First appeared in Omni, 1980
Spoilers aplenty.
The Worthing Saga opened my eyes to seeing how pain could function. In Card's work, it often serves the function
of water or fire in others: baptism,
refining, renewal. If you don't
understand this about Card, you'll likely misunderstand much about his work. I need to reread the book and address
specifics later.
In "Fat Farm," there's a new wrinkle. The first time I read it--before The Worthing Saga and before I read that Card has
struggled with the subject himself--I misread this story as a tale against obesity.
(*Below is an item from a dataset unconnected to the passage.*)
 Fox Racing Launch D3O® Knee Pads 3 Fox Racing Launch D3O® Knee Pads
Rather, it's a tale of loathing the self,
hating who you were and will be. We are
truly our own worst enemy.
The story begins with Barth becoming too overweight and has somehow signed
a contract against himself so that he is no longer himself but a letter: "H." Barth cannot kill himself but endures what
must come next. Barth, now H, actually
loves his excess, his girth, and love of woman.
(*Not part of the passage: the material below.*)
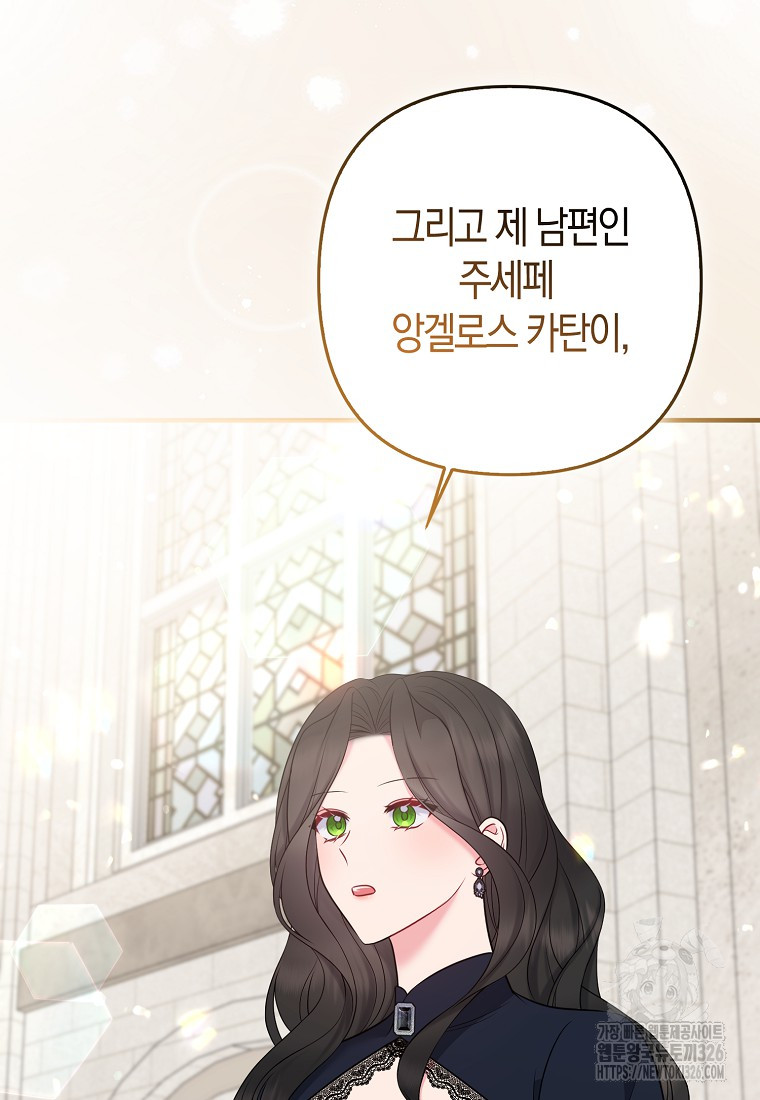 1709138699841i2lu4slqj08.jpg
He goes to a farm where a skinny old man tortures H, making H work on
the potato farm and shocking him if he does not. Eventually, H becomes skinny and realizes he
cannot destroy the old man though he loathes him that he would like to kill
him. The skinny H is to be transferred
to a new job. Meanwhile, "I"
has come in. The loathing that H feels
for the old man is reciprocated for I, weak, flabby, incompetent and
excessive. The old man, H learns, is
A. The cycle is complete. Almost.
H still has other, worse jobs to go through, he's been told. Before he takes A's job, he will, no doubt,
encounter B-G.
A fascinating dissection of self-hate.
Keeping Card's idea of pain in mind, though, the story is not
necessarily irredeemably grim. A lets H
go at one point and seems not hate-filled as he had seemed at the
beginning--even accepting if not embracing.
Perhaps not unlike a boot-camp instructor at the end of boot-camp: This is just a pain-filled phase you have to
endure in order to graduate to the next.